Ocorre que naquela época o soldo dos praças goianos não permitia esses luxos, levando os pescadores a desistirem da pescaria por não terem dinheiro suficiente para a bebida e o botijão de gás, combustível do possante Corcel I – 1970.
Desistiram até que o praça G. teve uma grande ideia: vamos na casa do novo Comandante, nos apresentamos e pedimos a ele um empréstimo!
Brilhante ideia respondeu o soldado L., e lá se foram os dois praças pra casa do Comandante.
Tocaram a campainha e logo apareceu o rígido Coronel ainda vestido em roupas de dormir.
Após as apresentações de praxe, com direito a continência, soldado G. expôs as razões que os levaram a procurá-lo naquela manhã.
Pois não, respondeu o Coronel, que retornou pra residência e trouxe a grana necessárias para a cachaça e para o botijão de gás.
E lá foram eles felizes rumo ao Rio Santa Tereza.
Na segunda feira após a apresentação do novo Comandante, o oficial do dia em alto bom tom anuncia aos Soldados G. e L. que se fizessem presentes com certa urgência na sala do novo Comandante.
Sob o olhar curioso da tropa lá se foram eles, momento em que a ficha caiu: vamos pegar uma cadeia inesquecível, disse o soldado L.
Sentaram-se em frente ao Comandante e foram logo questionados sobre resultado da pescaria:
– foi boa Coronel. Trouxemos até uns peixinhos pro Senhor nessa caixa térmica, disse o Soldado G.

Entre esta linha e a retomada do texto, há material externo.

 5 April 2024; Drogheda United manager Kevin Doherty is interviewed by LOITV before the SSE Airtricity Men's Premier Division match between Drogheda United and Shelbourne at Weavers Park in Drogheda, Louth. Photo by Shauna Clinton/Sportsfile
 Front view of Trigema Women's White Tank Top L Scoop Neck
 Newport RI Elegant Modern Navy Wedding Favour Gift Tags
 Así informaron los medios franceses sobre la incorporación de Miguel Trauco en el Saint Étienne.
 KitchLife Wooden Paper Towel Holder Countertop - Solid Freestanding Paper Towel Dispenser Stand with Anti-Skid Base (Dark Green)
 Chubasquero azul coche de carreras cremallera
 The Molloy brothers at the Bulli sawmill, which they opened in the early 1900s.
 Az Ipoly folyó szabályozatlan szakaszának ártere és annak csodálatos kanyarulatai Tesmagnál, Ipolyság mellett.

Nesse momento o Coronel iniciou a reprimenda aos dois pescadores:
– nunca se vai na casa de alguém àquela hora da manhã pedir dinheiro emprestado para uma pescada sem convidá-lo para ir junto (ele também era amante de uma boa pescaria).
O conhecido “sabão” foi pelo fato de não ter sido convidado pelos novos comandados a conhecer o famoso Rio Santa Tereza, muito piscoso naquela época.

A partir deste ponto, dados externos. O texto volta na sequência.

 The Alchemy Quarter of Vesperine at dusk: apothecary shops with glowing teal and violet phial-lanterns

A reprimenda virou história de pescador e o Comandante indagou aos soldados quem deles era motorista?
De pronto soldado G. respondeu que era motorista de viatura no batalhão. De hoje em diante será meu motorista particular, determinou o Comandante.
– E você soldado L., voltará amanhã mesmo para a Academia de Polícia em Goiânia, pois iremos implantar na região a Companhia de Policiamento Ambiental e você está sendo o primeiro membro a ser convocado.

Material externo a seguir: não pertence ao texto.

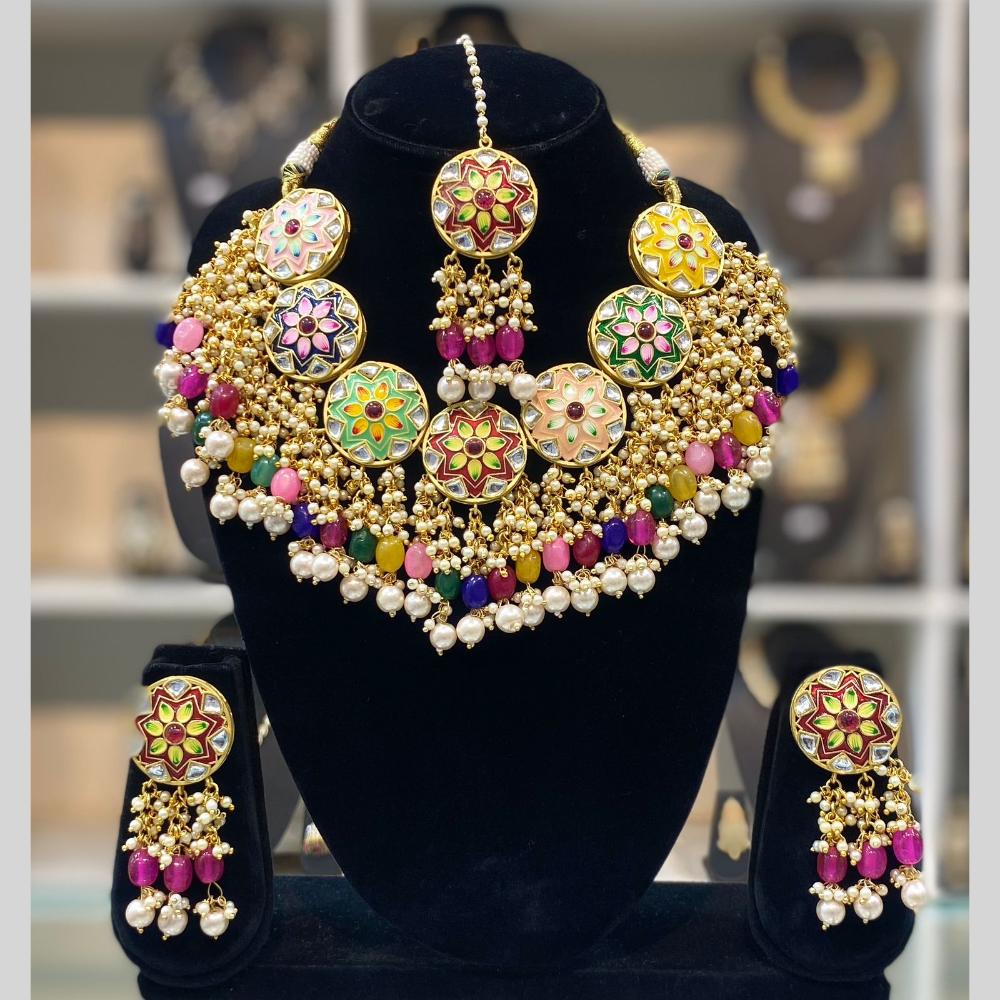 Dhiraj Sales Embellished Kundan And Pearl Meenakari Choker Necklace Set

Fará um curso de Agente Ambiental e assim aprenderá que não se pesca uns peixinhos desse tamanho, momento em que guardou a caixa atrás da cadeira pensando no frito do almoço!!
Soldado G. foi motorista do referido Comandante enquanto esse esteve na ativa, inclusive quando Comandante Geral da Polícia Militar de Goiás.
Faleceu jovem, na segunda metade da década passada em decorrência de problemas hepáticos, sendo cuidado até os últimos momentos pelo Coronel amigo, que o adotou como filho.
Quanto ao Soldado L., esse continua na ativa em Porangatu, sendo há muito um dos principais defensores das questões ambientais na região norte do estado.
O Coronel, hoje na reserva, pode ser encontrado com frequência em pescaria no Rio Araguaia, na região de Bandeirantes.
Lamenta sempre a perda do amigo de pescada, Soldado G., com quem construiu um grande repertório de histórias de pescador.
PS: Os nomes dos personagens foram preservados em razão de um deles ainda estar na ativa prestando serviços à população da região norte de Goiás, inclusive com várias operações de fiscalização realizadas em conjunto com esse escriba.